(Extracted data entries)

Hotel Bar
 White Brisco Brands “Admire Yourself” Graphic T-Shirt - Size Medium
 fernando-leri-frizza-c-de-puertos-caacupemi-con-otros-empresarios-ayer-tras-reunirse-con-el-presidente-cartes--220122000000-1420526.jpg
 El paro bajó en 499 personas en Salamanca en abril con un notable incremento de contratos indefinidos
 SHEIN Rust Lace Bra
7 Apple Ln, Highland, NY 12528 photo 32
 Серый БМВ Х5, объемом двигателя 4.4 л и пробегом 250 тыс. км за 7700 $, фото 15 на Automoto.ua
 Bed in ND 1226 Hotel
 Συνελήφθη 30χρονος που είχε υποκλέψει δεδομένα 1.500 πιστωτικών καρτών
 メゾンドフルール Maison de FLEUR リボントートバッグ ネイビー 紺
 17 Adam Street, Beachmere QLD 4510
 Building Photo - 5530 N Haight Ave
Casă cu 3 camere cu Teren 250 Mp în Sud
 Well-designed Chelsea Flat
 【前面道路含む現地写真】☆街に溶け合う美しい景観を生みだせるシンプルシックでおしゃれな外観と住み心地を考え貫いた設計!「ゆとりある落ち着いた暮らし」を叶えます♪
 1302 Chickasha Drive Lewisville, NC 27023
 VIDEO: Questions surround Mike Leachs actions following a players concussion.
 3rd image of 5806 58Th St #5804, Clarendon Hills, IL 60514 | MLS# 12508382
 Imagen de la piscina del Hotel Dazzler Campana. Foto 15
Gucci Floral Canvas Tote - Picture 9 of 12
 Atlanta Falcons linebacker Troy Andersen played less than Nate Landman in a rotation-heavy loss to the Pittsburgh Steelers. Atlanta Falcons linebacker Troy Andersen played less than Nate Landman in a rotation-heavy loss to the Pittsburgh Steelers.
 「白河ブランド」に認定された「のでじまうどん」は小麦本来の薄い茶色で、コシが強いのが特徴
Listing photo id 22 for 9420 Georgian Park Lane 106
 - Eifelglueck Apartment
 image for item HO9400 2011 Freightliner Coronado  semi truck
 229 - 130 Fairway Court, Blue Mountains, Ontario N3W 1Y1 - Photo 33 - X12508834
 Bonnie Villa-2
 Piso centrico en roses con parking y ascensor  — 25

# Problem requirements
Only the lines from the beginning of the data above through the line containing "Gucci Floral Canvas Tote - Picture 9 of 12" should be repeated, exactly as they appear.

# Response for this exercise
Hotel Bar
 White Brisco Brands “Admire Yourself” Graphic T-Shirt - Size Medium
 fernando-leri-frizza-c-de-puertos-caacupemi-con-otros-empresarios-ayer-tras-reunirse-con-el-presidente-cartes--220122000000-1420526.jpg
 El paro bajó en 499 personas en Salamanca en abril con un notable incremento de contratos indefinidos
 SHEIN Rust Lace Bra
7 Apple Ln, Highland, NY 12528 photo 32
 Серый БМВ Х5, объемом двигателя 4.4 л и пробегом 250 тыс. км за 7700 $, фото 15 на Automoto.ua
 Bed in ND 1226 Hotel
 Συνελήφθη 30χρονος που είχε υποκλέψει δεδομένα 1.500 πιστωτικών καρτών
 メゾンドフルール Maison de FLEUR リボントートバッグ ネイビー 紺
 17 Adam Street, Beachmere QLD 4510
 Building Photo - 5530 N Haight Ave
Casă cu 3 camere cu Teren 250 Mp în Sud
 Well-designed Chelsea Flat
 【前面道路含む現地写真】☆街に溶け合う美しい景観を生みだせるシンプルシックでおしゃれな外観と住み心地を考え貫いた設計!「ゆとりある落ち着いた暮らし」を叶えます♪
 1302 Chickasha Drive Lewisville, NC 27023
 VIDEO: Questions surround Mike Leachs actions following a players concussion.
 3rd image of 5806 58Th St #5804, Clarendon Hills, IL 60514 | MLS# 12508382
 Imagen de la piscina del Hotel Dazzler Campana. Foto 15
Gucci Floral Canvas Tote - Picture 9 of 12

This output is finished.